## SUPPLIED DATA
..........

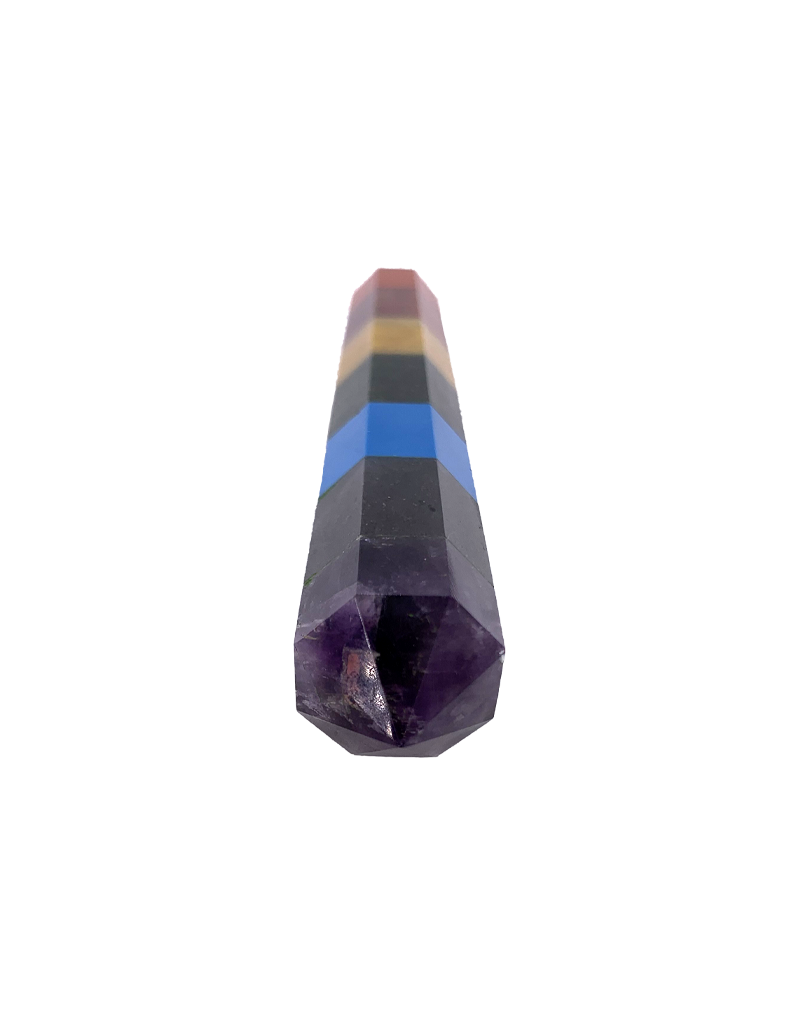 Chakra 7 Stone Double Terminated Wand 5"H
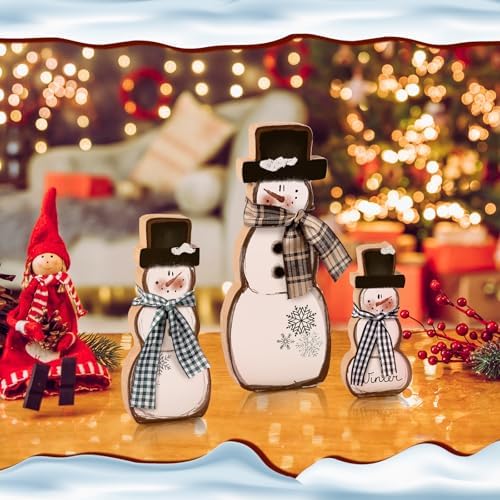 Suzile 3 Pcs Christmas Snowman Decoration Rustic Wooden Winter Indoor Decor - Image 6
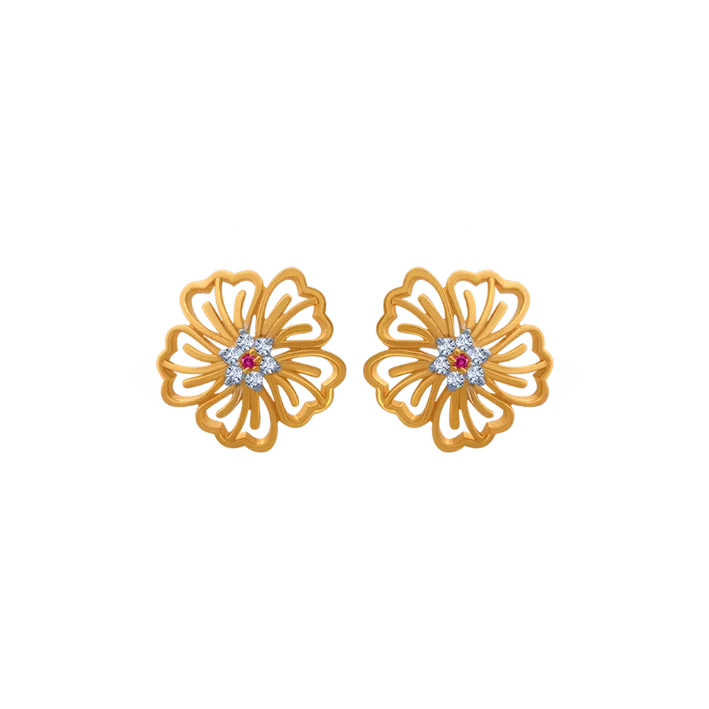 14KT (585) Yellow Gold  Earrings For Women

..........

## WHAT YOU NEED TO DO
Give back all of the data exactly, but not the pictures.

## EXERCISE OUTPUT
 Chakra 7 Stone Double Terminated Wand 5"H
 Suzile 3 Pcs Christmas Snowman Decoration Rustic Wooden Winter Indoor Decor - Image 6
 14KT (585) Yellow Gold  Earrings For Women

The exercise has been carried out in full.